> Records provided:
╔══
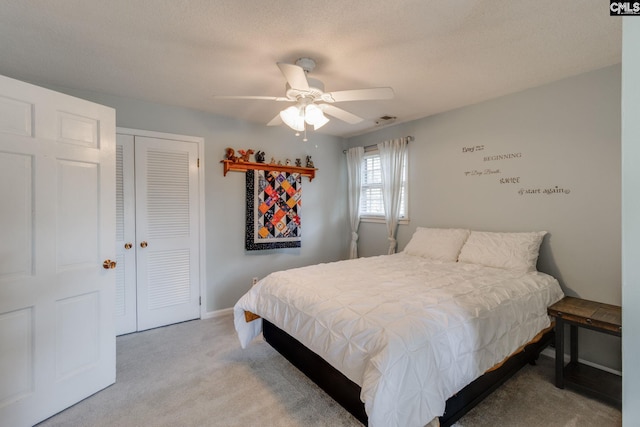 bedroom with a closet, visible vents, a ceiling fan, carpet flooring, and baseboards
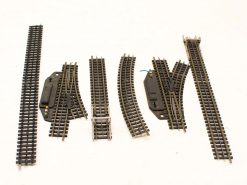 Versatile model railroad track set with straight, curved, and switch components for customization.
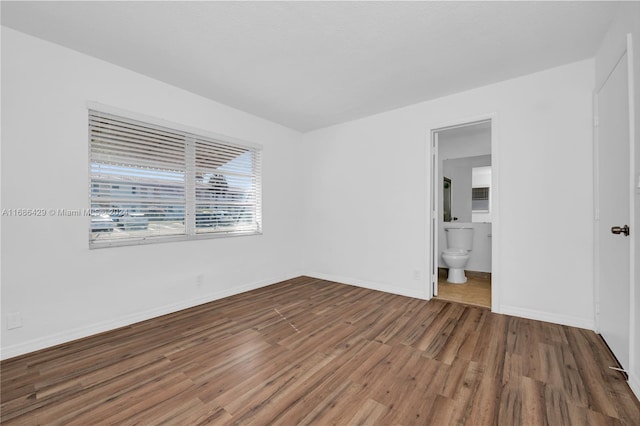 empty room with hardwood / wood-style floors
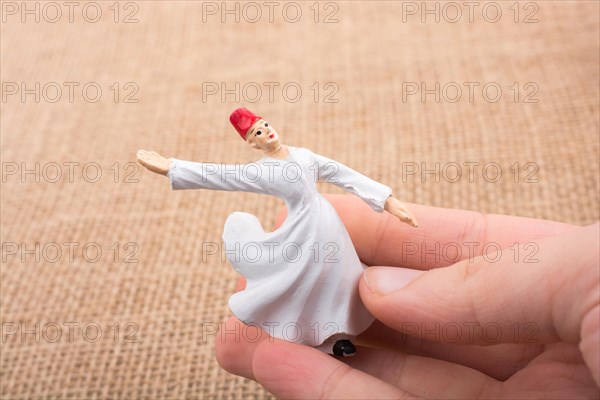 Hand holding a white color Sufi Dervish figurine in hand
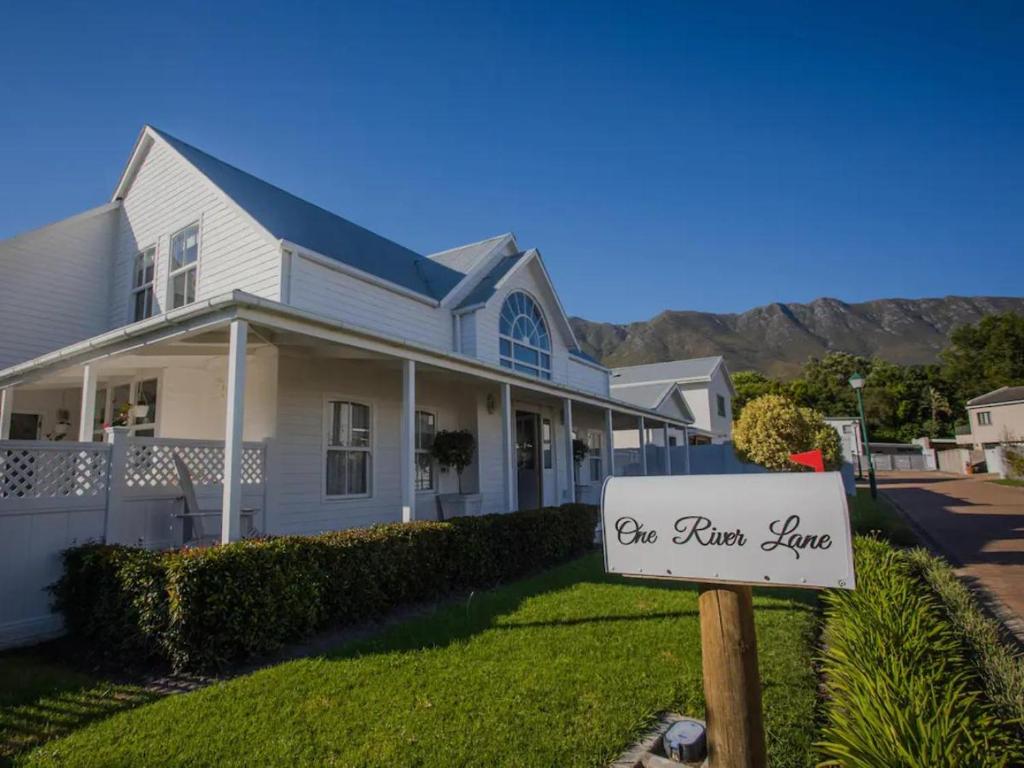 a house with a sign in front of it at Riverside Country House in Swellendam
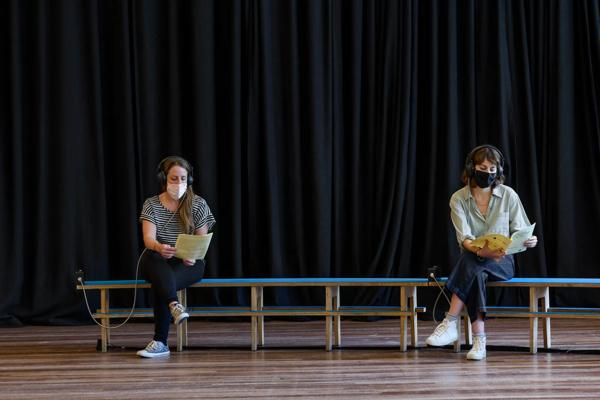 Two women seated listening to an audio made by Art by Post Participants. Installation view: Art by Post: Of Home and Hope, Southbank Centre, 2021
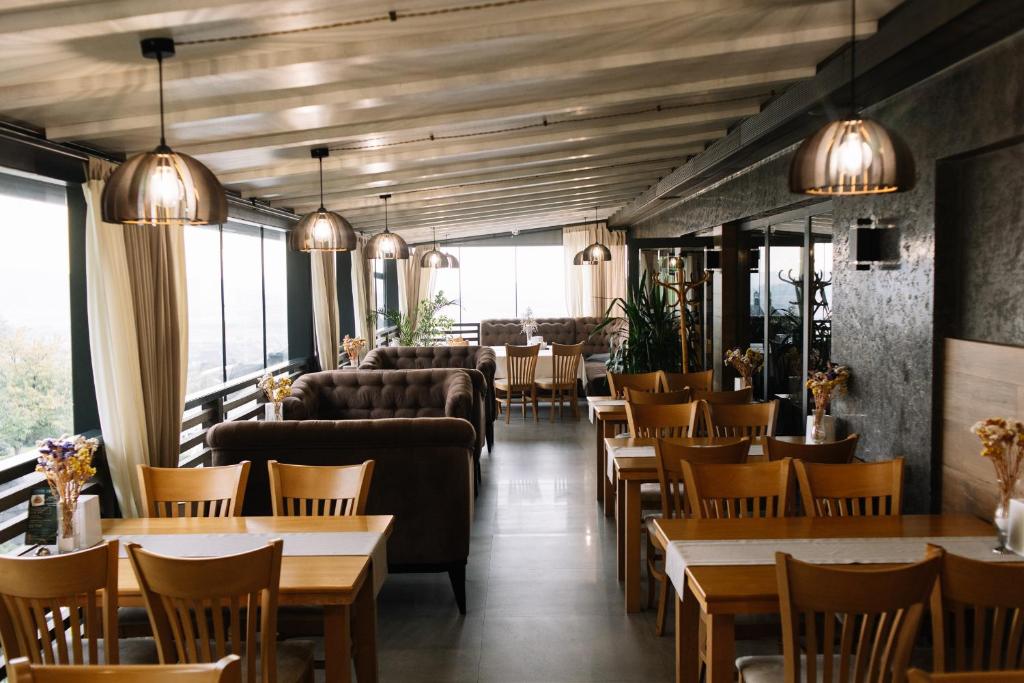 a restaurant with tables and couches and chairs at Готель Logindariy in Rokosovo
╚══
╔══
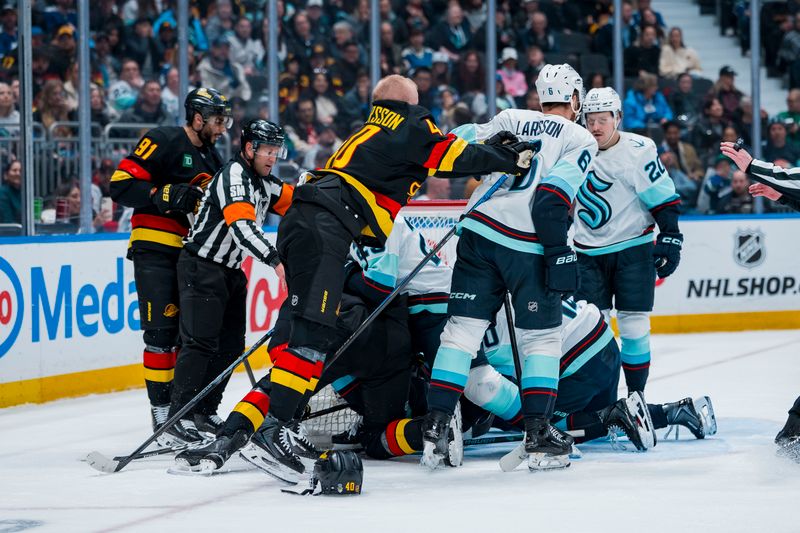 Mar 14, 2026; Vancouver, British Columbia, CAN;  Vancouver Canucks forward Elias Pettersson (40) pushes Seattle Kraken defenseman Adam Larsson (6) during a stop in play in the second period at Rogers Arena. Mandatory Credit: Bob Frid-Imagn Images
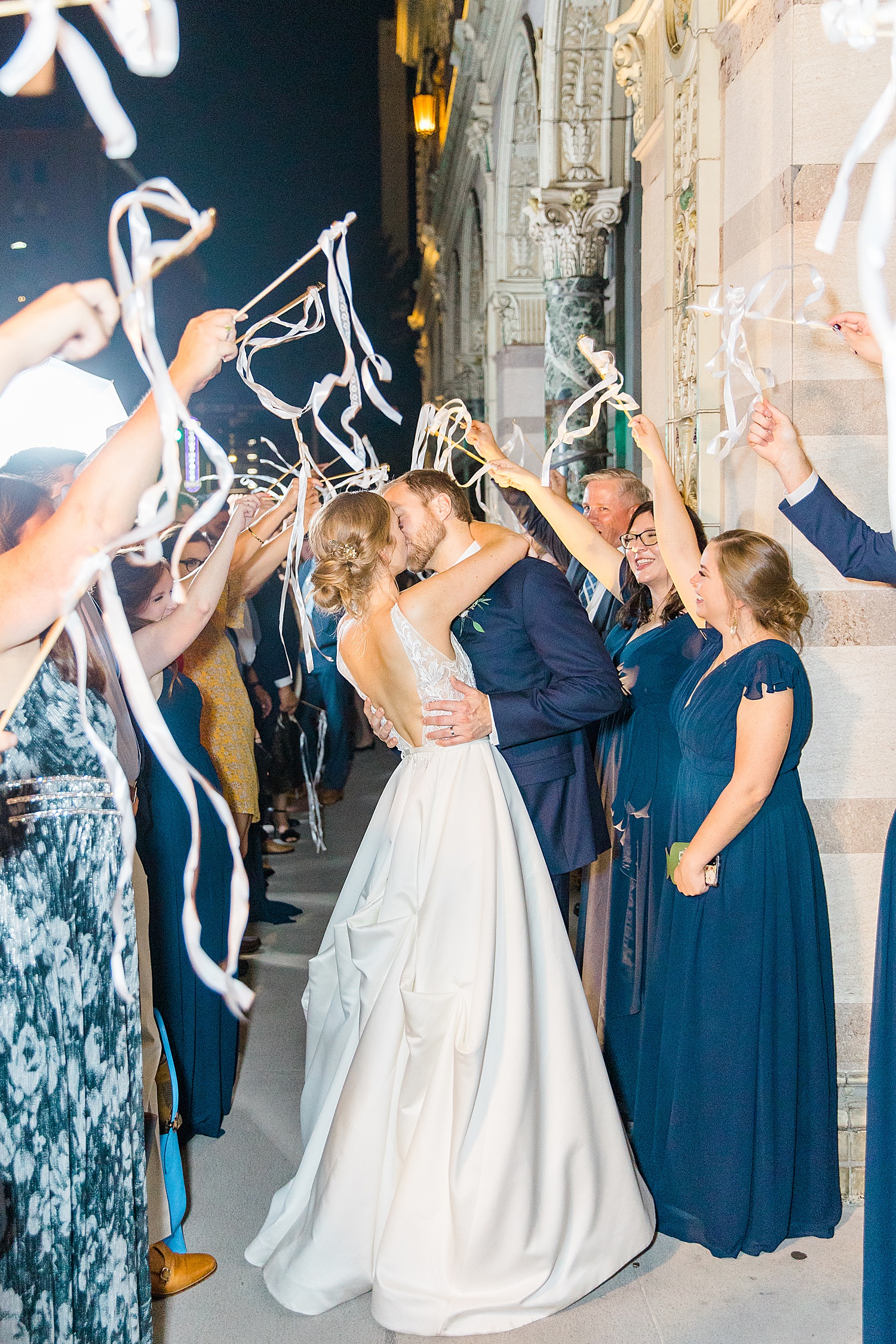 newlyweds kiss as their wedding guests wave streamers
╚══
> Exercise aim:
Please set down, exactly and with no pictures, the lines in the entries above starting at the one holding "Hand holding a" and ending at the one holding "a restaurant with", ends included.

> Answer to the problem:
 Hand holding a white color Sufi Dervish figurine in hand
 a house with a sign in front of it at Riverside Country House in Swellendam
 Two women seated listening to an audio made by Art by Post Participants. Installation view: Art by Post: Of Home and Hope, Southbank Centre, 2021
 a restaurant with tables and couches and chairs at Готель Logindariy in Rokosovo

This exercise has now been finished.